Friday, November 21, 2008

No Perfect Crime - 1


Good morning everybody. All people should have to pay attention of this news which I have read in our newspaper.

The Volunteers Against Crime and Corruption, the anti-crime watchdog, said the arrest of two former officers of the Philippine National Police (PNP) in the United States in connection with the 2000 murders of publicist Salvador “Bubby” Dacer should show there’s no perfect crime. The remark is anticlimactic but it reflects the public’s relief upon learning that after eight years, the murders are on their way to a resolution. The cases are by no means closed, but the arrests should expedite the investigation and trial.

When his family reported Dacer’s disappearance in November 2000, many people immediately wrote him off as a goner. In those confusing days when the administration of President Joseph Estrada was collapsing, Dacer’s disappearance seemed merely to reinforce the general feeling that things were coming unhinged.
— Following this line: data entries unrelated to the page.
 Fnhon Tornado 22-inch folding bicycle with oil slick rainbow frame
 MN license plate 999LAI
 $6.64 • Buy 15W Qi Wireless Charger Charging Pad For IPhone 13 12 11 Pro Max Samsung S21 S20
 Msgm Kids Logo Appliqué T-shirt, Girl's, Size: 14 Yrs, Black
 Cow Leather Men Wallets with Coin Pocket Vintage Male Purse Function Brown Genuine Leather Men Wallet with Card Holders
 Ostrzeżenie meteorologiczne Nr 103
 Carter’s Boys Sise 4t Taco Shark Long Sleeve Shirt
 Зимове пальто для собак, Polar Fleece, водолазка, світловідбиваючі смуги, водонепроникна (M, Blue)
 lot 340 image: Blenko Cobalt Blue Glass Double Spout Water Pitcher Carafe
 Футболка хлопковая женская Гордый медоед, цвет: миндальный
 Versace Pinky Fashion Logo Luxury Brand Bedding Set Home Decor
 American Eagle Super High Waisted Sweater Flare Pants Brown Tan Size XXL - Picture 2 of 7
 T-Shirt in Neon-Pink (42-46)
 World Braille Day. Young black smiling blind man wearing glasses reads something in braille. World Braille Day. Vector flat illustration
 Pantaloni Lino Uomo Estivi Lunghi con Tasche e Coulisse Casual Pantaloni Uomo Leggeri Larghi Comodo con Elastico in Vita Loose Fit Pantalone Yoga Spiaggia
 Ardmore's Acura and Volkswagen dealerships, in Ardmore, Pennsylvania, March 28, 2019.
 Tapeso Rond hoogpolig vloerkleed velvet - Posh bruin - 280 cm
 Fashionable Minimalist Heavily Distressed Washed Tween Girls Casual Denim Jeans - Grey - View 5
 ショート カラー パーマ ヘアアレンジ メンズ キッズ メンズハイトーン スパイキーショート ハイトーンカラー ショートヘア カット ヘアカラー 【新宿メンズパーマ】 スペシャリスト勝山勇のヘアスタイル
It didn’t matter that Dacer belonged to a public relations industry where loyalties can be bought, where some PR professionals are bereft of ethics, and where treachery and betrayal may take place behind warm handshakes and profuse pleasantries. Dacer thrived and basked in a regime of false smiles and spurious allegiances, and his brutal death embodied the innately brutal nature of public relations, or at least public relations as practiced in the Philippines.

Sabina Reyes, Dacer’s daughter, testified in court that she had been told by her father that if something happened to him, it would be the handiwork of Panfilo Lacson, who was at the time head of the Presidential Anti-Organized-Crime Task Force (PAOCTF). She claimed Lacson was angry at Dacer for supporting Roberto Lastimoso’s bid for the position of PNP chief. She disclosed the contents of her father’s letter to Estrada in which Dacer endorsed Lastimoso for the top post and accused Lacson of waging a media campaign against Lastimoso and Ronaldo Puno, who was then the interior secretary. (Lacson has denied all of this.) How a publicist could affect public policy and top appointments in government indicates Dacer’s power, which certainly went beyond the strict limits of his profession.